Wang Ying-Ying, Yang Wan-Xia, Du Qia-Jun, Liu Zhen-Hua, Lu Ming-Hua, You Chong-Ge
Laboratory Medicine Center, The Second Hospital & Clinical Medical School, Lanzhou University, Lanzhou 730030, Gansu Province, China.
World J Gastrointest Oncol. 2024 Sep 15;16(9):3839-3850. doi: 10.4251/wjgo.v16.i9.3839.
Liver cancer is one of the most prevalent malignant tumors worldwide, and its early detection and treatment are crucial for enhancing patient survival rates and quality of life. However, the early symptoms of liver cancer are often not obvious, resulting in a late-stage diagnosis in many patients, which significantly reduces the effectiveness of treatment. Developing a highly targeted, widely applicable, and practical risk prediction model for liver cancer is crucial for enhancing the early diagnosis and long-term survival rates among affected individuals.
To develop a liver cancer risk prediction model by employing machine learning techniques, and subsequently assess its performance.

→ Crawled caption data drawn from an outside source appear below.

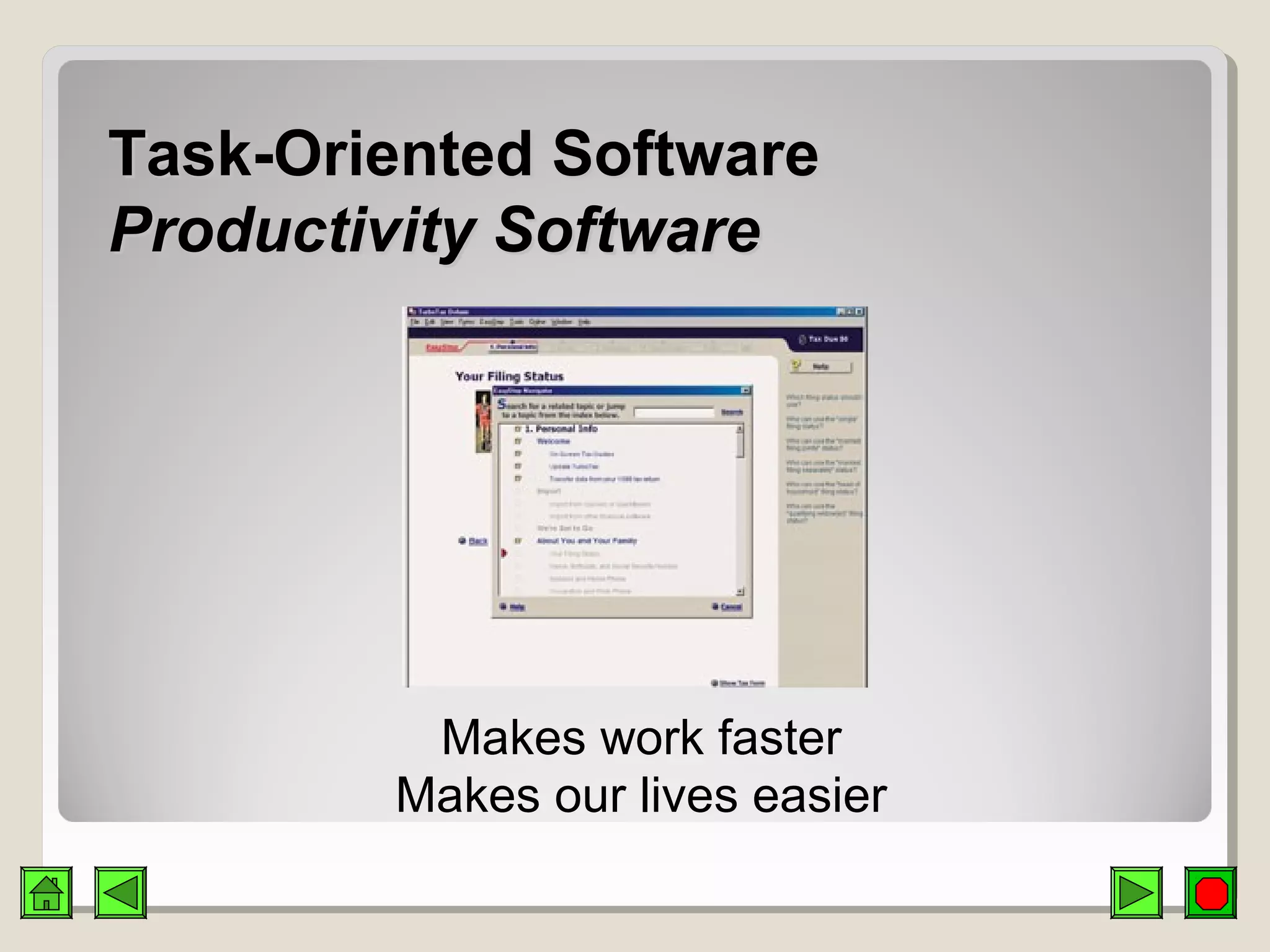 Task-Oriented SoftwareTask-Oriented Software
Productivity SoftwareProductivity Software
Makes work faster
Makes our lives easier
 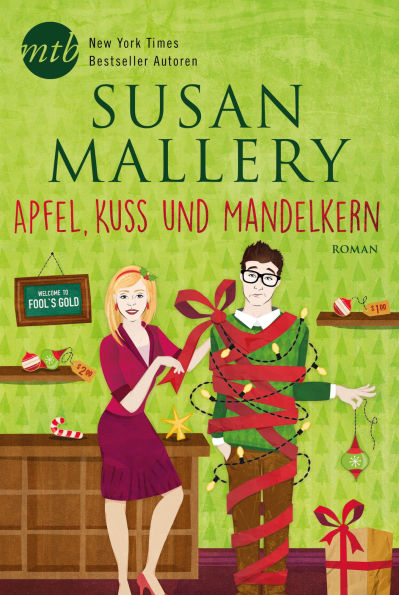 Apfel, Kuss und Mandelkern (Christmas on 4th Street)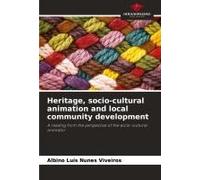 Heritage, Socio-Cultural Animation And Local Community Development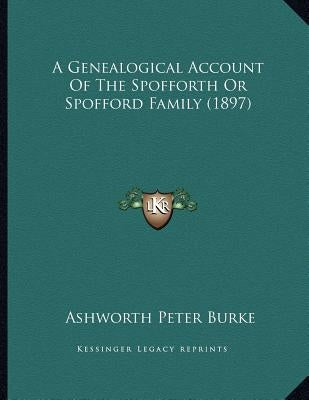 A Genealogical Account Of The Spofforth Or Spofford Family (1897) by Burke, Ashworth Peter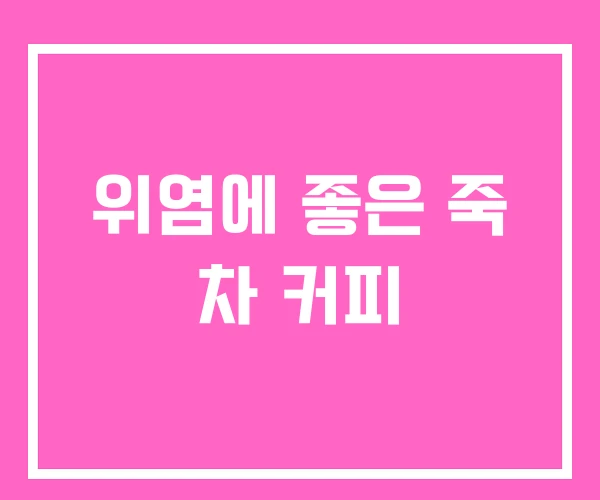위염에 좋은 죽 차 커피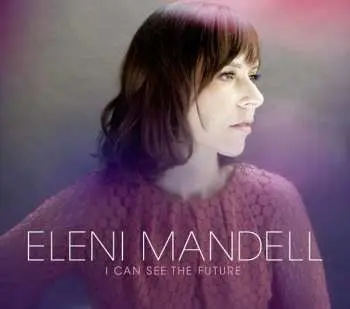 CD Eleni Mandell: I Can See The Future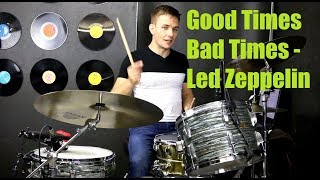 Good Times Bad Times Drum Tutorial  Led Zeppelin [upl. by Aihsilef201]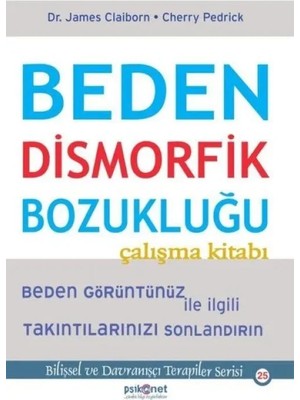 Beden Dismorfik Bozukluğu Çalışma Kitabı - Bilişsel ve Dranışçı Terapiler Serisi 25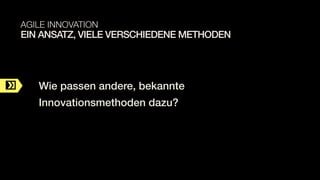 C
C
Wie passen andere, bekannte
Innovationsmethoden dazu?
EIN ANSATZ, VIELE VERSCHIEDENE METHODEN
AGILE INNOVATION
 
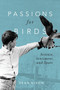 Passions for Birds (Science, Sentiment and Sport) by Sean Nixon, 9780228010456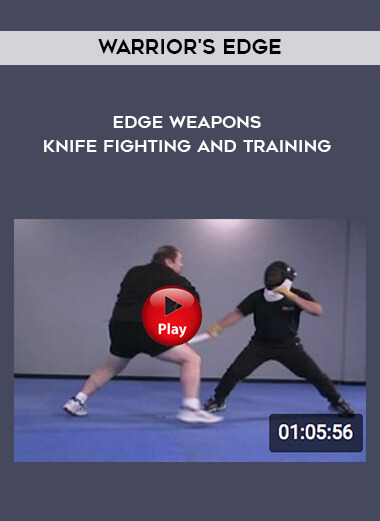 Warrior's Edge - Edge Weapons - Knife Fighting and Training digital download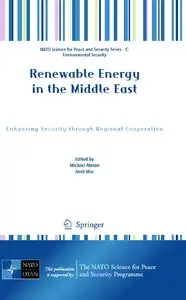 Renewable Energy in the Middle East: Enhancing Security through Regional Cooperation (repost)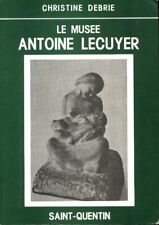 Le musée Antoine Lecuyer -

In this study, a total of 550 patients were enrolled, with 190 hepatocellular carcinoma (HCC) and 195 cirrhosis patients serving as the training cohort, and 83 HCC and 82 cirrhosis patients forming the validation cohort. Logistic regression (LR), support vector machine (SVM), random forest (RF), and least absolute shrinkage and selection operator (LASSO) regression models were developed in the training cohort. Model performance was assessed in the validation cohort. Additionally, this study conducted a comparative evaluation of the diagnostic efficacy between the ASAP model and the model developed in this study using receiver operating characteristic curve, calibration curve, and decision curve analysis (DCA) to determine the optimal predictive model for assessing liver cancer risk.
Six variables including age, white blood cell, red blood cell, platelet counts, alpha-fetoprotein and protein induced by vitamin K absence or antagonist II levels were used to develop LR, SVM, RF, and LASSO regression models. The RF model exhibited superior discrimination, and the area under curve of the training and validation sets was 0.969 and 0.858, respectively. These values significantly surpassed those of the LR (0.850 and 0.827), SVM (0.860 and 0.803), LASSO regression (0.845 and 0.831), and ASAP (0.866 and 0.813) models. Furthermore, calibration and DCA indicated that the RF model exhibited robust calibration and clinical validity.
The RF model demonstrated excellent prediction capabilities for HCC and can facilitate early diagnosis of HCC in clinical practice.
肝癌是全球最常见的恶性肿瘤之一,其早期检测和治疗对于提高患者生存率和生活质量至关重要。然而,肝癌的早期症状往往不明显,导致许多患者在晚期才被诊断出来,这显著降低了治疗效果。开发一种针对肝癌的高度靶向、广泛适用且实用的风险预测模型对于提高受影响个体的早期诊断率和长期生存率至关重要。
运用机器学习技术开发肝癌风险预测模型,并随后评估其性能。
在本研究中,共纳入550例患者,其中190例肝细胞癌(HCC)患者和195例肝硬化患者作为训练队列,83例HCC患者和82例肝硬化患者组成验证队列。在训练队列中开发逻辑回归(LR)、支持向量机(SVM)、随机森林(RF)和最小绝对收缩和选择算子(LASSO)回归模型。在验证队列中评估模型性能。此外,本研究使用受试者工作特征曲线、校准曲线和决策曲线分析(DCA)对ASAP模型和本研究开发的模型之间的诊断效能进行了比较评估,以确定评估肝癌风险的最佳预测模型。
使用年龄、白细胞、红细胞、血小板计数、甲胎蛋白和维生素K缺乏或拮抗剂II诱导蛋白水平这六个变量开发了LR、SVM、RF和LASSO回归模型。RF模型表现出卓越的区分能力,训练集和验证集的曲线下面积分别为0.969和0.858。这些值显著超过了LR(0.850和0.827)、SVM(0.860和0.803)、LASSO回归(0.845和0.831)以及ASAP(0.86和0.813)模型。此外,校准和DCA表明RF模型具有稳健的校准和临床有效性。
RF模型对HCC显示出出色的预测能力,可在临床实践中促进HCC的早期诊断。